WHAT YOU NEED TO DO
The first line of the data below and every line after it, through the one with "Quinta Studio QD35148", must be transcribed without change.

PROVIDED RECORDS
------------

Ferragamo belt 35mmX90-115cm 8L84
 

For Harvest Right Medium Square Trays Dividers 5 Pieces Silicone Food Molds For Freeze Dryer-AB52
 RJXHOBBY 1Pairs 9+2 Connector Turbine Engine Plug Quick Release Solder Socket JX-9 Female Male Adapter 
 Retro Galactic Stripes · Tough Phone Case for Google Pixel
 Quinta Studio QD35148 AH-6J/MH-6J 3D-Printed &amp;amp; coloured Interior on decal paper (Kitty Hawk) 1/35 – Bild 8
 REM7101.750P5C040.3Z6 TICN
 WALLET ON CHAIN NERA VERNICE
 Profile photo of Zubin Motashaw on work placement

------------

WRITTEN RESPONSE
Ferragamo belt 35mmX90-115cm 8L84
 

For Harvest Right Medium Square Trays Dividers 5 Pieces Silicone Food Molds For Freeze Dryer-AB52
 RJXHOBBY 1Pairs 9+2 Connector Turbine Engine Plug Quick Release Solder Socket JX-9 Female Male Adapter 
 Retro Galactic Stripes · Tough Phone Case for Google Pixel
 Quinta Studio QD35148 AH-6J/MH-6J 3D-Printed &amp;amp; coloured Interior on decal paper (Kitty Hawk) 1/35 – Bild 8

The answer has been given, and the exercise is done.